Like I said, the project was a disaster, start to finish.”
“Why are they bringing you back here now?” Krysty said. “What do they want with the five of us?”
Daniel lowered his head. “I don’t know, I don’t know,” he said.
“Tell us, you piece shit!” Jak snarled.
The Fire Talker began to sob weakly into his hands; the sobs rapidly grew further and further apart, until he appeared to slip back into a drugged sleep. There was no rousing him from it.

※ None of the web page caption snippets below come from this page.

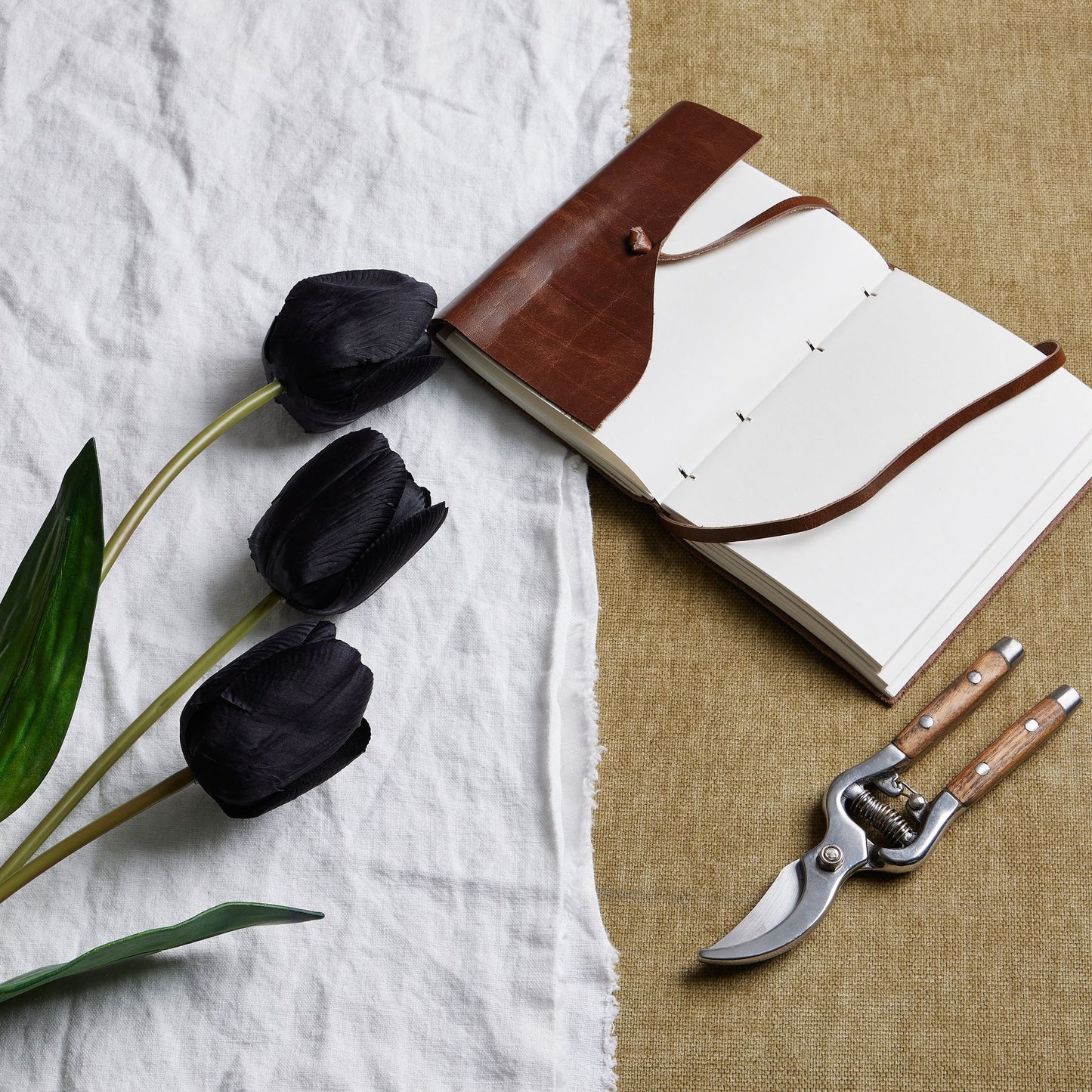 Tall black triple tulip stems arranged with a leather-bound notebook and garden shears on textured fabric, exuding elegance.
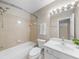 Bright bathroom features a shower-tub combo, vanity, and a large mirror with lights at 220 Finchley Dr, Roswell, GA 30076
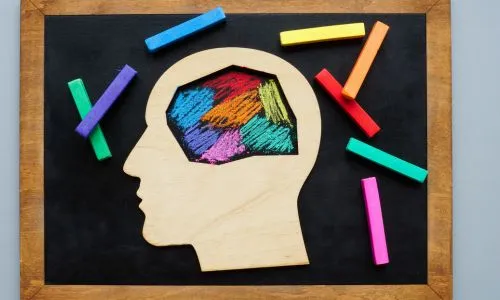 La t&ecirc;te est peinte aux crayons de couleur. Concept de neurodivergence.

Mildred turned her attention to the island looming off the starboard bow. Looking at it, she felt no curiosity, no anger, only dread. Coiba was immense, and separated from the mainland by fifty shark-filled miles of ocean. As they got closer, she could make out the shoreline: convoluted blobs of black lava formed sheer cliffs that were crashed by white surf, and topped by a vast, seemingly impenetrable rain forest. There were dots of color scattered here and there among the branches and drooping vines: bright yellow flowers that could have been wild orchids.
A wall of heat hit them as the Bertram glided into a protected cove. Two other pleasure craft—a twenty-eight-foot Aquasport center console and a thirty-two-foot Pursuit—were moored in close to shore with no crews in sight; the water dropped off steeply from the curve of white sandy beach. The beach was on a finger of land, and on the far side of the land a sluggish green river flowed into the sea. Nibor and his men anchored the boat, then rowed the passengers the short distance ashore in an inflatable dinghy. It took several trips to transfer them all. Although doped to the gills, Daniel came to at the last moment. He had to be dragged screaming from the Bertram. One of the paramilitaries clubbed him into compliance before dumping him into the raft.
The warrior-priests brought their RPDs along with them, and some extra 100-round drum mags. Obviously they considered the intended route to Xibalba as dangerous as the journey across the isthmus.
The reasons for the show of force immediately became apparent. Crocodiles sunned themselves on the riverside of the beach, not thirty yards from their landing site. These creatures were fifteen feet long, and more than a yard across the widest part of their rib cages. The saltwater crocs didn’t seem interested in the visitors. Or perhaps they weren’t within easy enough eating distance.